In her keynote address, McQuade urged students to stand up and be productive, accountable members of society and to make a difference in the world.

David Horrocks, a senior archivist at the library, then spoke on Ford's path to the White House.

Students next heard from Assistant U.S. Attorney Terrance Thompson who grew up in Washtenaw County, spending his earliest years on the east side of Ypsilanti.

Thompson shared with students his unstable and challenging youth, and how he separated from his single parent at an impressionable age, which led to years of defiant behavior, periods of homelessness and his decision to drop out of high school.

He spoke of an epiphany which caused him to quit his job cleaning hotel rooms to walk straight to Washtenaw Community College for direction on completing his education.

He earned his GED and did well enough at WCC to transfer to Eastern Michigan University, where he continued to work hard, surround himself with positive role models, and excel at his studies.

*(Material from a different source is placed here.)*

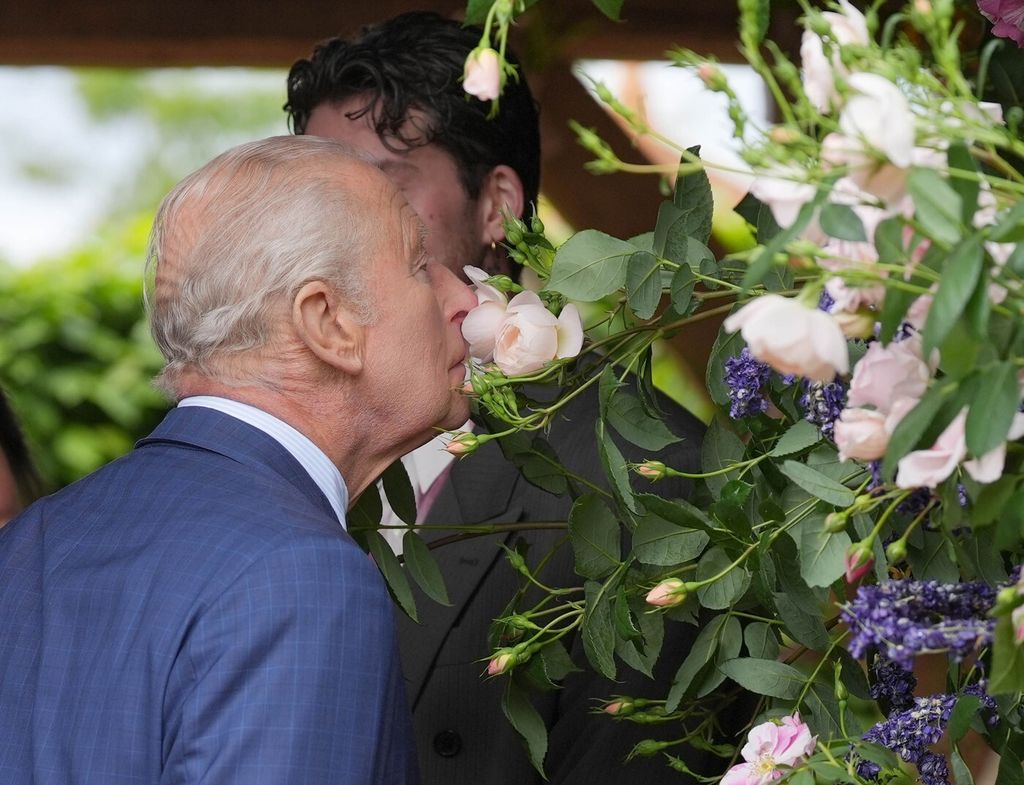 David Beckham i kralj Charles - 1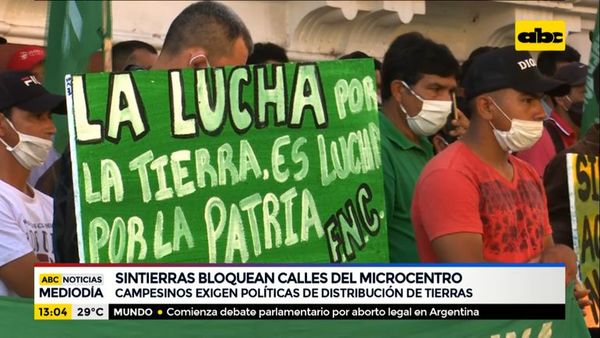 Sintierras exigen políticas de distribución de tierras - ABC Noticias - ABC Color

After landing an opportunity to work for Senator Debbie Stabenow on Capitol Hill, Thompson went to law school. Thompson told the students that after passing the bar, he received a position with a prominent Detroit area law firm and now serves as an assistant U.S. Attorney.

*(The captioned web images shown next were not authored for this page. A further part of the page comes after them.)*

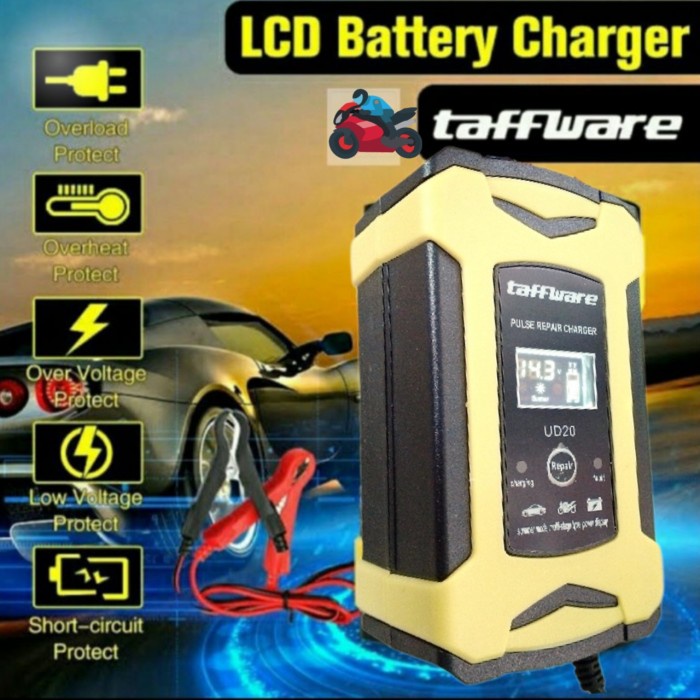 Paling Laris Carger Casan Aki Mobil Motor 12V6A Repair Batre Otomatis Smart Charger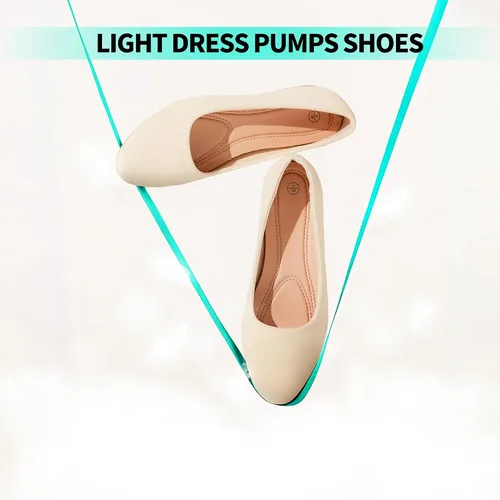 Vista 4 de ALTOCIS Zapatos de tacón grueso de bloque bajo para mujer, elegantes zapatos cerrados con punta redonda y plataforma baja para oficina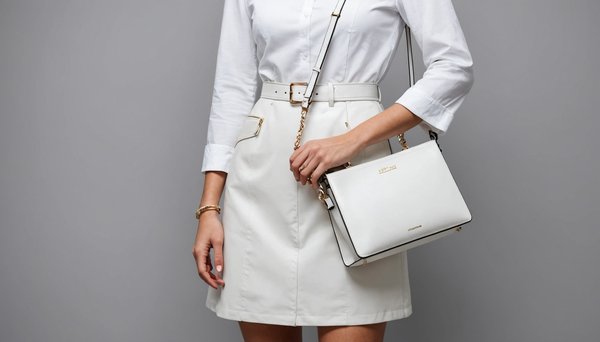 Sac bandoulière blanc : le style chic à portée de main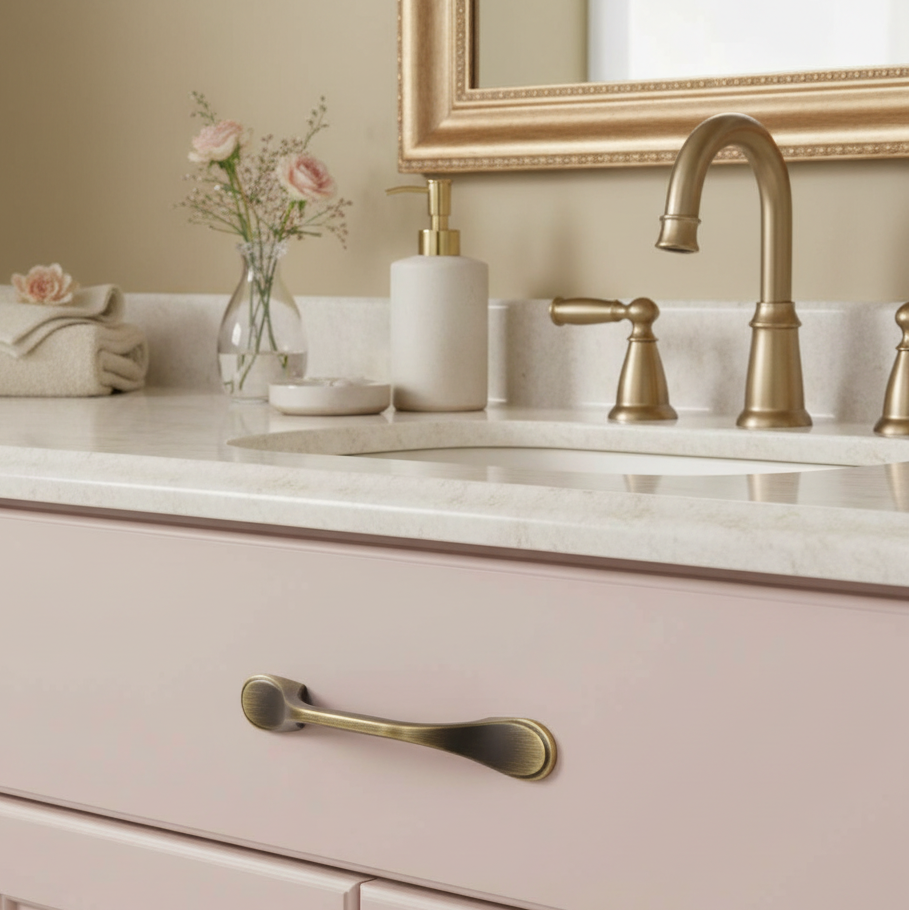 Cosmas 9533BAB Brushed Antique Brass Cabinet Pull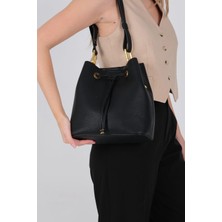 Silver & Polo Silver Polo Siyah - Siyah Mini Rolax Kadın Omuz Çantası SP1241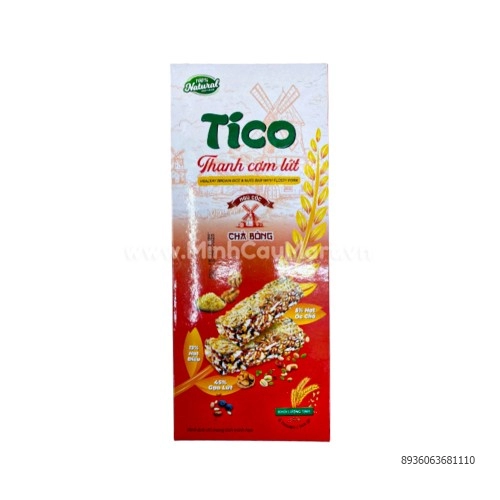 Thanh Cơm Lứt TICO Hộp 144g Thanh Cơm Lứt TICO Hộp 144g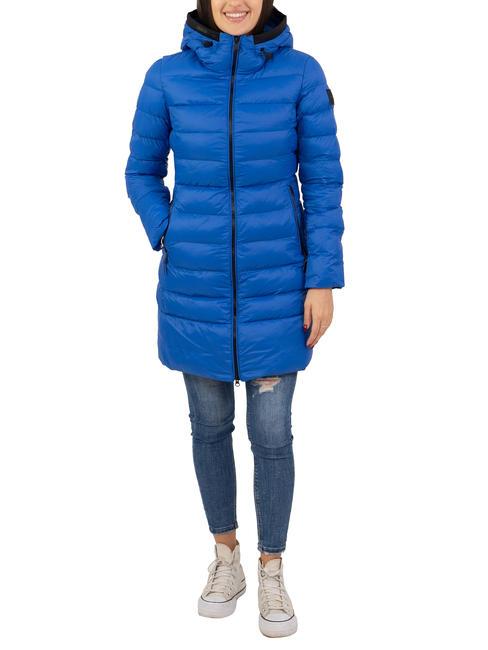 DEKKER TERON SL Long down jacket with hood limoges - Women's down jackets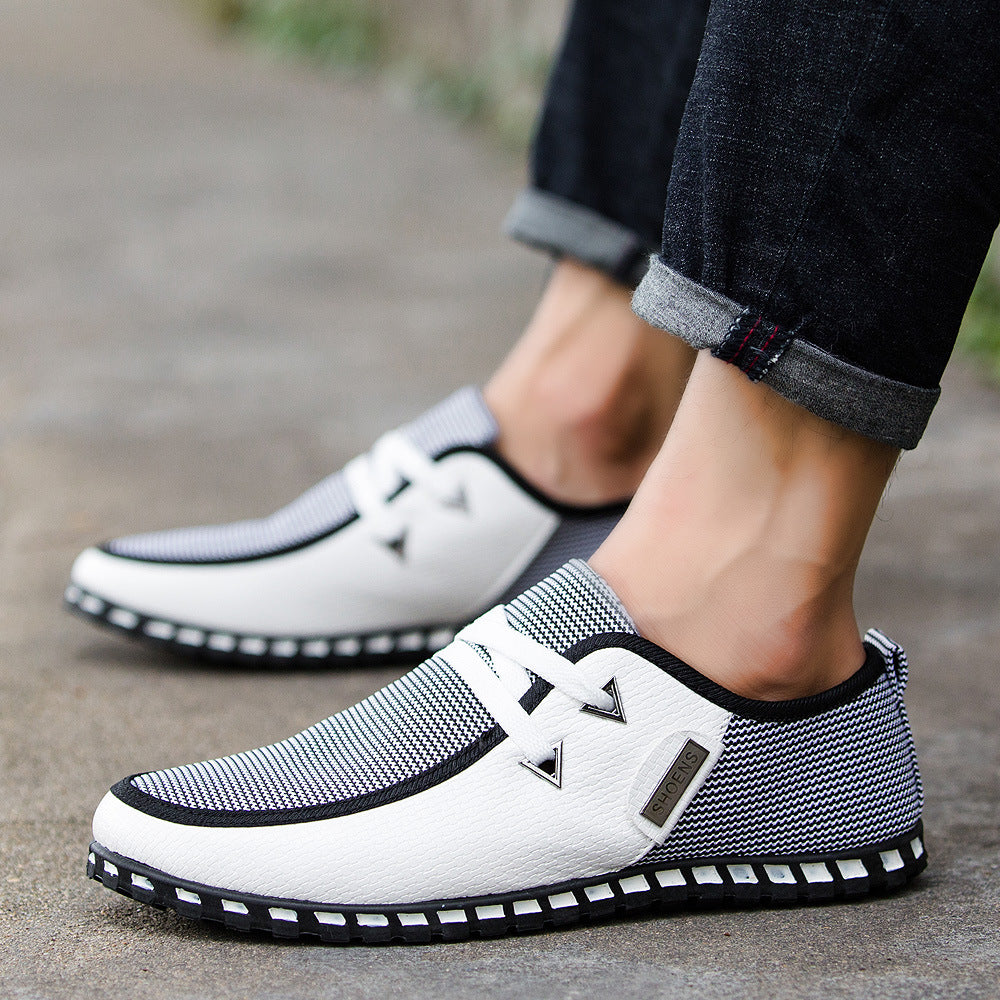 Men's Slip On Loafers Walking Shoes Breathable Casual Sneakers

He said he's still in awe each time he announces in court his representation of the United States of America.

Thompson's presentation was followed by a number of break-out sessions on various federal careers. After lunch, Corbett and Lachniet gave a final program on cyber-related crimes and cyber-security.

The Federal Youth Law Day was a true community partnership, noted Cooley Law School Associate Dean Joan Vestrand. In addition to the contributions of the Federal Bar Association, Cooley Law School and the Ford Library, Dominos Pizza, Busch's Fresh Food Market, Kroger, and Action Rental all donated to the event. Cooley Law students were tour guides throughout the day.

Vestrand said that feedback from Ypsilanti High School confirmed that the students found the program inspiring and informative.